Because we love these rotated F/F plots so much, we couldn’t help showing off one more example, this time with data from the Corpus of Contemporary American English (Davies, 2009):

# get frequency data
httr::GET("https://www.wordfrequency.info/files/genres_sample.xls",
          httr::write_disk(tf <- tempfile(fileext = ".xls")))
word_freqs <- readxl::read_excel(tf) |> 
  select(lemma, ACADEMIC, SPOKEN)
p2 <- word_freqs |> 
  filter(ACADEMIC != 0, SPOKEN != 0) |> 
  # generate tooltip text
  mutate(rep = if_else(ACADEMIC/SPOKEN > 1, 
                       "more common in academic texts",
                       "more common in spoken texts"),
         mult = if_else(ACADEMIC/SPOKEN > 1, 
                        as.character(round(ACADEMIC/SPOKEN, 2)),
                        as.character(round(SPOKEN/ACADEMIC, 2))),
         tooltip = paste0("<b>",lemma, "</b>", "<br/>", 
                          mult, "x ", rep)) |> 
  ggplot(aes(ACADEMIC/SPOKEN, (ACADEMIC + SPOKEN)/2, 
             label = lemma,
             color = ACADEMIC/SPOKEN,
             tooltip = tooltip, 
             data_id = lemma # aesthetics for interactivity
             )) +
    geom_point_interactive() +
    scale_x_continuous(trans = "log2", 
                       breaks = c(1/100, 1, 100),
                          labels = c("Characteristically\nSpoken",
                                     "Equal Proportion",
                                     "Characteristically\nAcademic")) +
    scale_y_continuous(trans = "log2", 
                       breaks = ~.x, 
                       minor_breaks = ~2^(seq(0, log2(.x[2]))),
                       labels = c("Rare", "Common")) +
    scale_color_gradientn(limits = c(1/740, 740),
                          colors = c("#023903", 
                                     "#318232",
                                     "#E2E2E2", 
                                     "#9B59A7",
                                     "#492050"), 
                          trans = "log2", # log scale for ratios
                          guide = "none") +
    labs(title = "Academic vs. Spoken English",
         x = "", y = "",
         color = "") +
    theme_minimal()

girafe_options(
  girafe(ggobj = p2),
  opts_tooltip(css = "font-family:sans-serif;font-size:1em;color:Black;")
  )   

This is a particularly good visualization, because it tells an interesting story. The story it tells is: “Academic English is very different from spoken English.” The wide aspect ratio and the tooltip text with “#x more common in spoken/academic texts” especially emphasize this point. The F/F plot is an appropriate visualization method because this story pertains to the full distribution of words—look at how many are more than 10 times more common in one or the other!

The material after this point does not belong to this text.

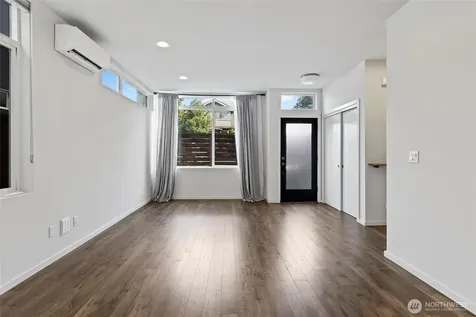 6917 Carleton Ave S Seattle WA 98108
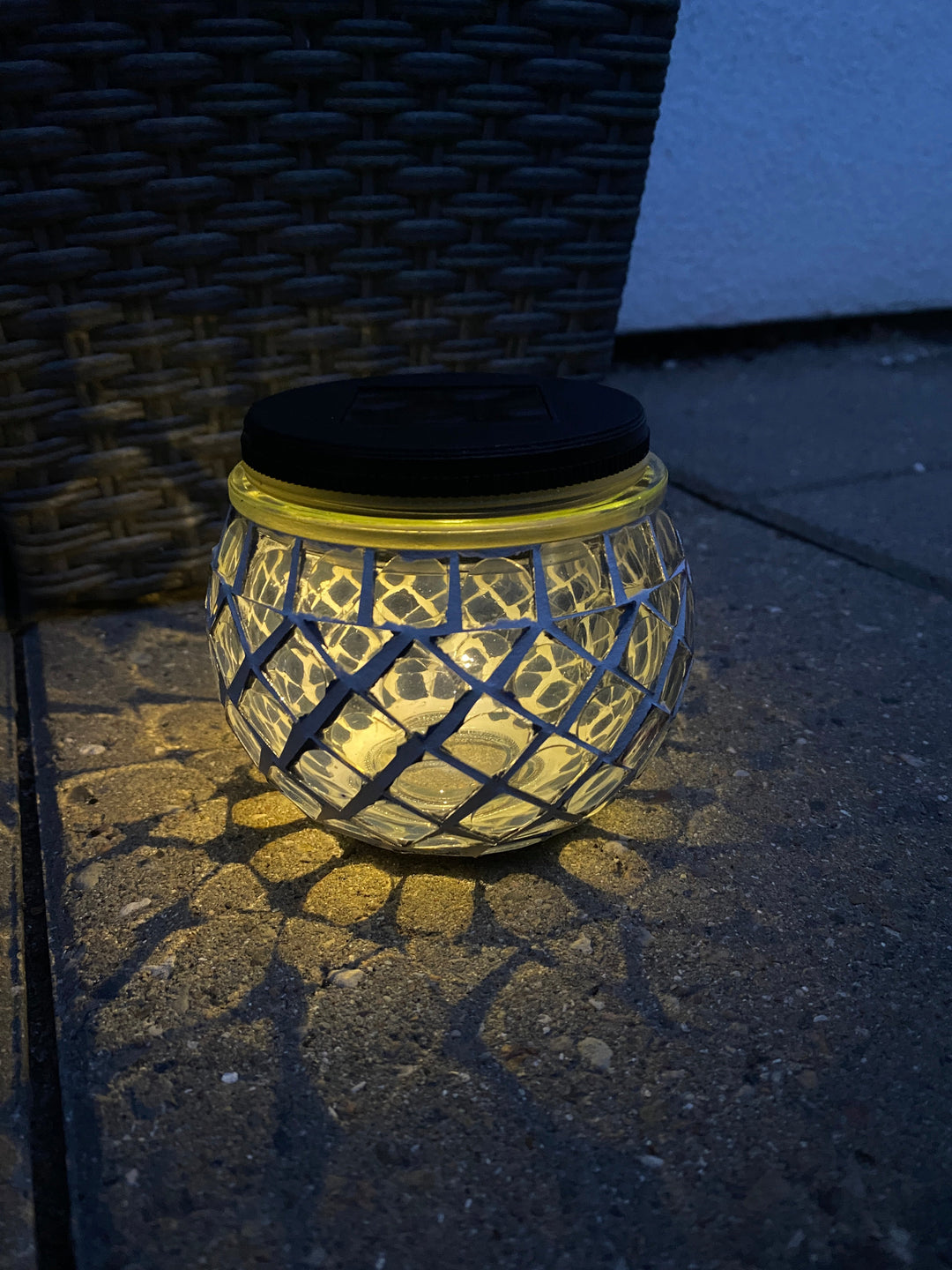 Solcellslampa i blå mosaik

5.1.2 Advanced Frequency/Frequency Plots

For more information about frequency/frequency plots and other related plot types incorporating various statistics, see the scattertext tutorial (Kessler, 2017). While the tutorial is intended for the scattertext library in Python, almost all examples can be produced in R with ggplot2 and ggiraph. Search bars and other types of responsive interactivity can be accomplished with shiny.


Advantages of Frequency/Frequency Plots
  • Spatial Mapping: F/F plots use axes, which make it easy to compare values of different words.
  • Readability: The layout of F/F plots is easy to interpret, especially when rotated and properly labeled.
  • Full Picture: F/F plots convey the full shape of the frequency distribution, rather than singling out words most characteristic of one side or the other. This can be useful when the distribution itself is interesting.
Disadvantages of Frequency/Frequency Plots
  • Interactivity Required: F/F plots require interactivity to be maximally informative.
  • Messy: Without interactivity, labels can be messy and confusing.
  • Implies that Correlation is Interesting: F/F plots may imply that the point of the graph is to show the correlation between frequencies in the two texts. Rotating the axes mostly solves this problem.
  • Vague: By showing many words at the same time, F/F plots make it difficult to focus in on particular stories (unless the story is about the distribution itself).

5.2 Word Clouds

Word clouds are commonly used for purposes like:

  • Summarizing text using word frequencies
  • Decorating placemats at cheap restaurants
  • Comparing word usage in two groups of texts
  • Correlating word usage with a construct of interest

Word clouds are not a good tool for summarizing text. They are a perfectly fine tool for kitschy placemats, but those are beyond the scope of this textbook. In the world of data science, there are only two legitimate uses for word clouds: comparing words across two groups of texts, and correlating word frequencies with a construct of interest. Even these legitimate uses break a fundamental rule of data visualization, since by showing many words at the same time they are telling many stories at the same time, each distracting from the others. Nevertheless, analyses often include so many words (or other units of text) that producing a visualization for each one is unfeasible, and a summary graphic is necessary.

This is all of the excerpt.